Leung Yee-tai was a Wing Chun master of the late Qing Dynasty.

Background
Leung Yee-tai had become associated with Tiandihui and anti-Qing Dynasty resistance.

He was a strong boatman who steered a riverboat by pushing a long pole against the river bottom.
A Shaolin monk Chi Sin (至善禪師) saw that he was a natural successor to the Southern Shaolin pole fighting skill called six and a half point long pole.

He taught Wong Wah-bo his pole fighting skill in exchange for the Wing Chun fist-fighting skill. Though he was a student of Wong in Wing Chun, he was actually Wong's sifu in the pole fighting skill. Wong modified the pole fighting skills using Wing Chun principles. The modified pole skill had since part of Wing Chun skills set.

He met Leung Jan of Foshan, a young herbal doctor, when he was sick. He then trained Leung Jan when he was already an old man at over sixty years of age. He went on to introduce Jan to Wong.
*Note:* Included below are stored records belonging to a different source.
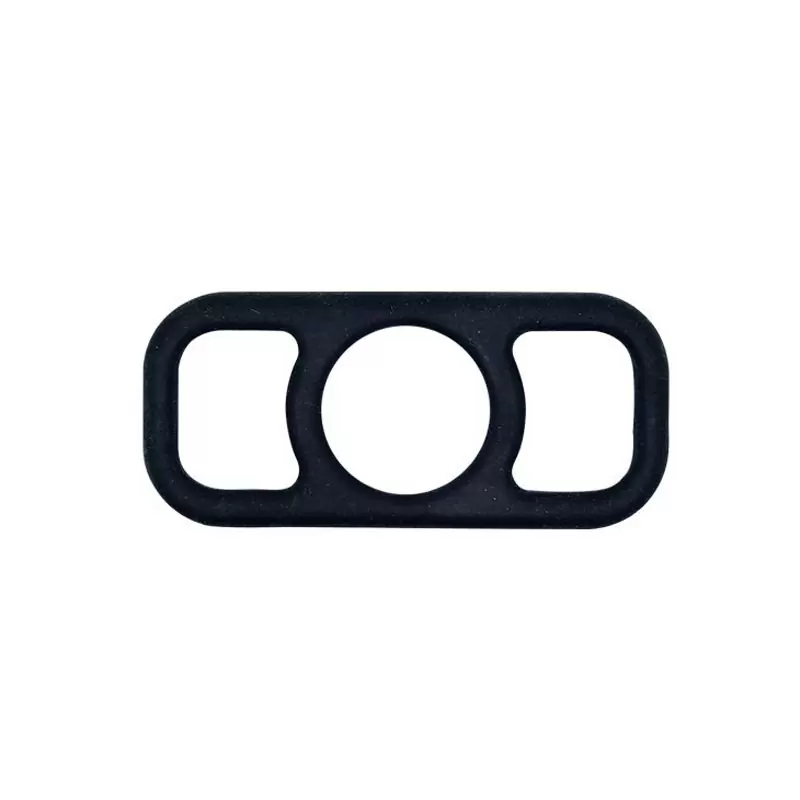 Вакуумная помпа Penis Enlargement System с насадкой-вагиной, эрекционным кольцом и вибропулей – прозрачный с черным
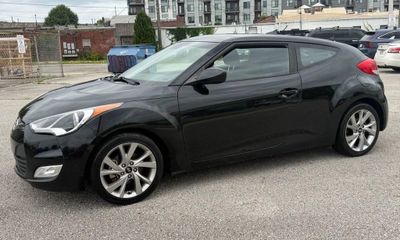 2017 Hyundai Veloster Value Edition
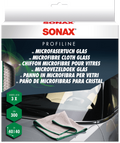 SONAX PAÉO MICROFIBRA PROFESIONAL ABSORBENTE SIN PELUSAS PARA CRISTALES - SONAX original APEXCORSE
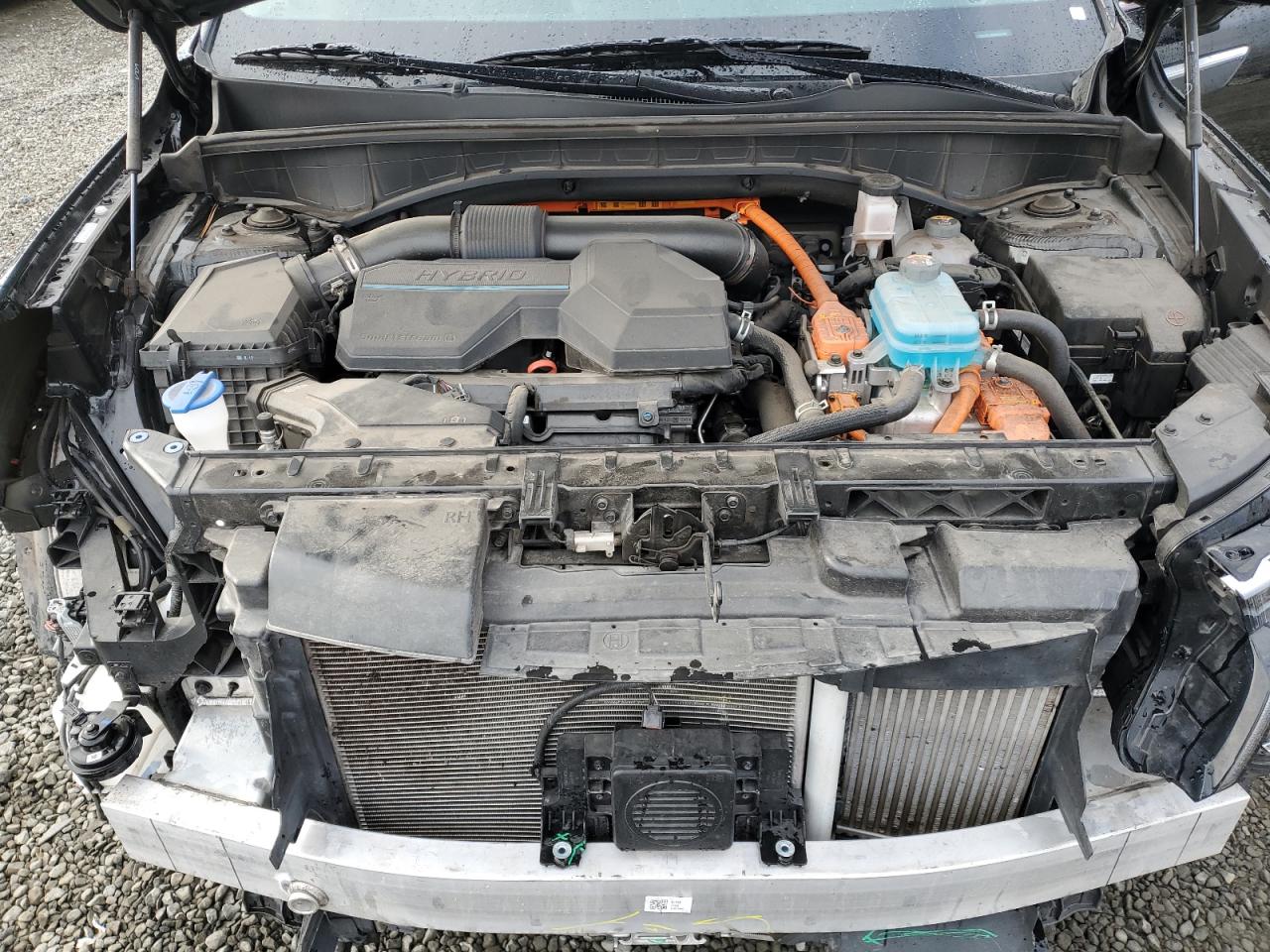 2022 KIA SORENTO SX VIN:KNDRJDLH9N5089798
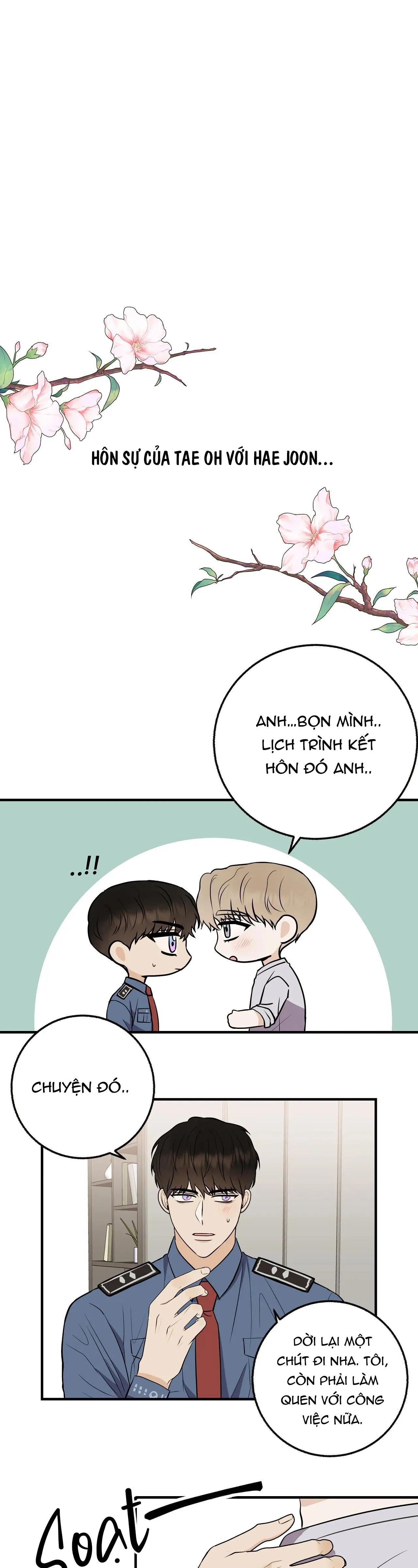 ĐỨA BÉ LÀ CON TÔI Chapter 56 Trang 4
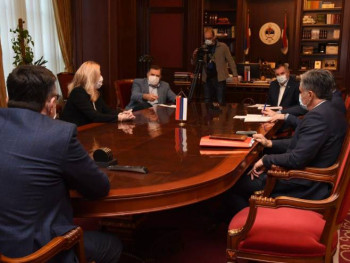 Glavni koordinacioni tim: Cilj da se starijima omogući kretanje dva puta sedmično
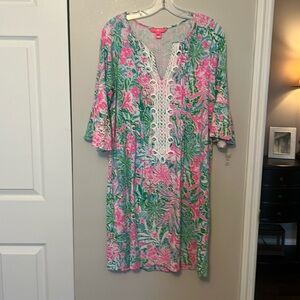 Lilly Pulitzer Krysta Tunic Dress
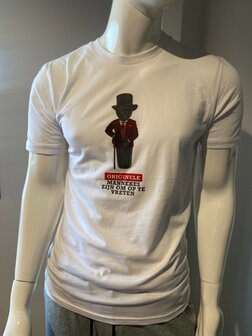 Shirt Echte Mannekes - originele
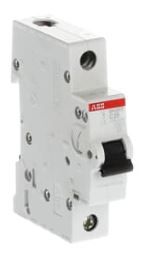 SH201 T - C 25 - Disjuntor 1P 25A 3KA "C"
Because both of Wong and Jan were from Gulao (古勞) Village, Wong imparted his full system of Wing Chun skills to him.

Lineage

In popular culture
Leung Yee-tai was portrayed by Kong Ngai in the 1981 TVB television drama series Kung Fu Master of Fat Shan.

He was portrayed by Lam Ching-ying in the 1981 Sammo Hung film The Prodigal Son.

In the 2005 TVB television drama series Real Kung Fu, he was portrayed by Bryan Leung.